(Pictures with short captions)
■ ■ ■ ■ ■ ■ ■

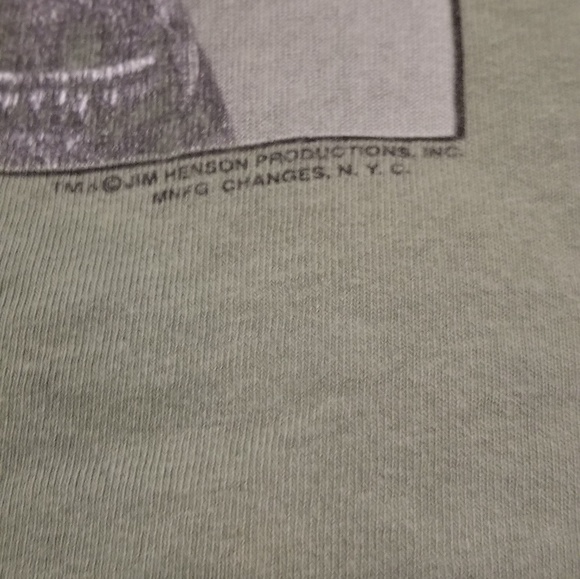 Vintage Kermit Clein Under Where? CK Spoof Tee - Picture 5 of 5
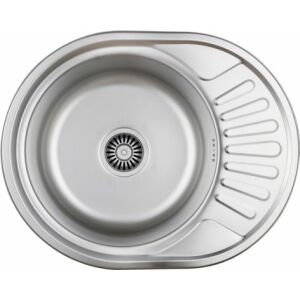 Chiuveta Steiner JIM 216 Steinsteel satin cu sifon 1 camera cu/o 145422508 - Chiuvete de bucătărie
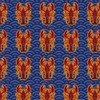 GRAPHICS & MORE Atlantic Lobster on Blue Waves Gift Wrap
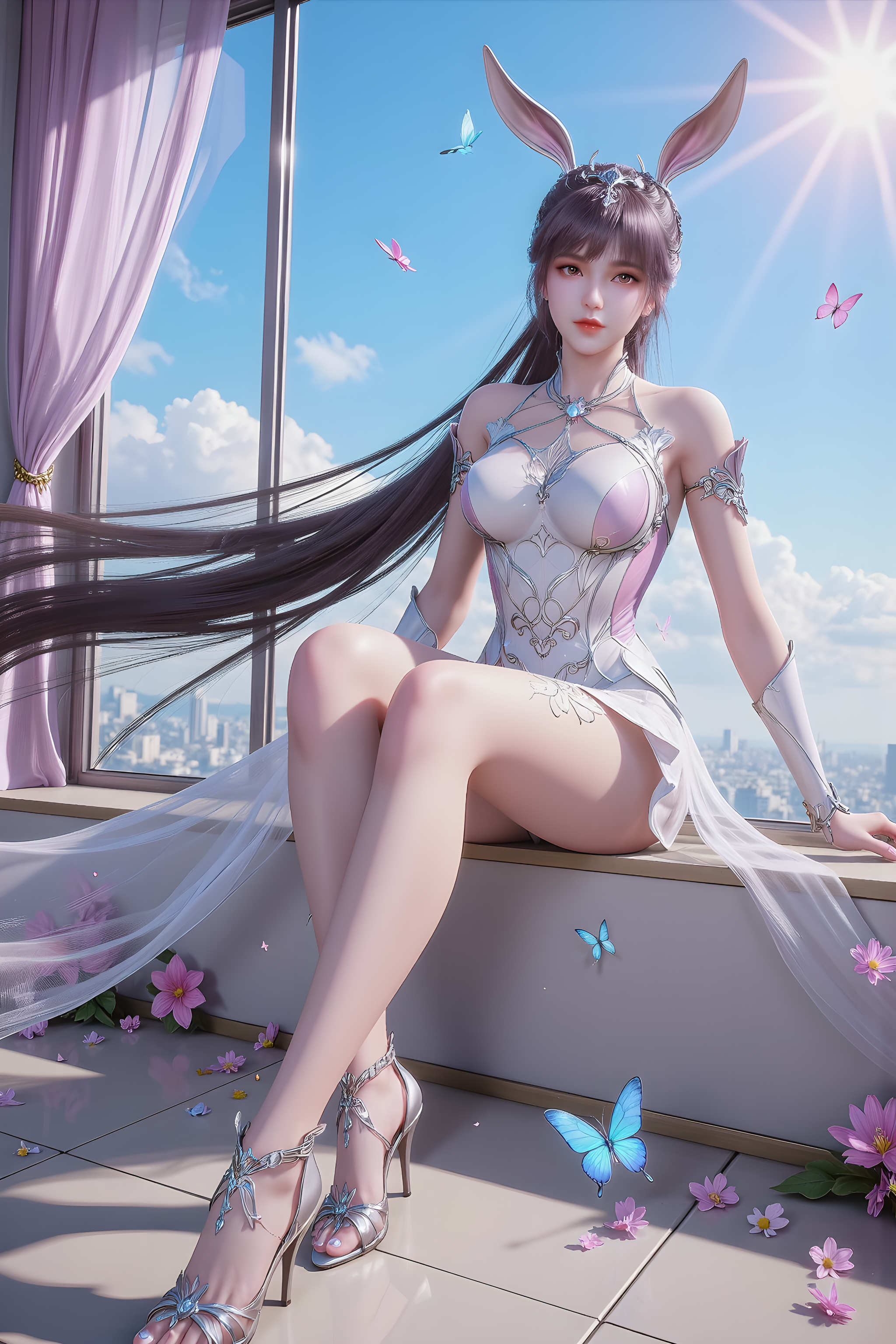 [AI国漫]（搬运至260316）斗罗大陆-小舞【叮当】【60P】【434MB百度云】 预览图 1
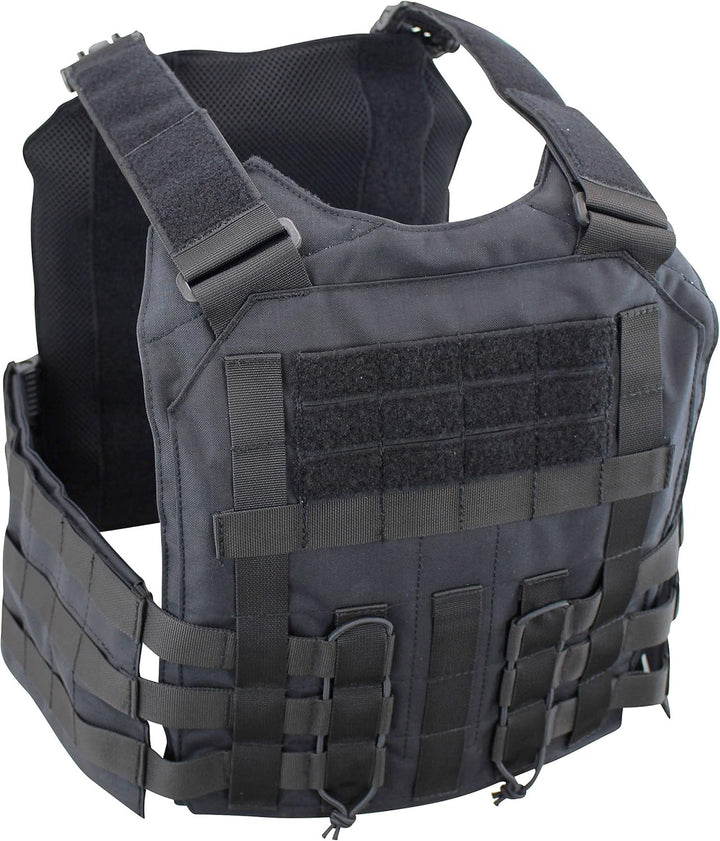 Zentauron Plattenträger Vulcan III Pro Plate Carrier Hülle mit Molle-System für Taktische Ausrüstung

■ ■ ■ ■ ■ ■ ■

§ Work to be completed
Exclude the pictures, and output exactly the lines from the one with "GRAPHICS & MORE" through the last line of the records, both included.

§ Exercise answer
 GRAPHICS & MORE Atlantic Lobster on Blue Waves Gift Wrap
 [AI国漫]（搬运至260316）斗罗大陆-小舞【叮当】【60P】【434MB百度云】 预览图 1
 Zentauron Plattenträger Vulcan III Pro Plate Carrier Hülle mit Molle-System für Taktische Ausrüstung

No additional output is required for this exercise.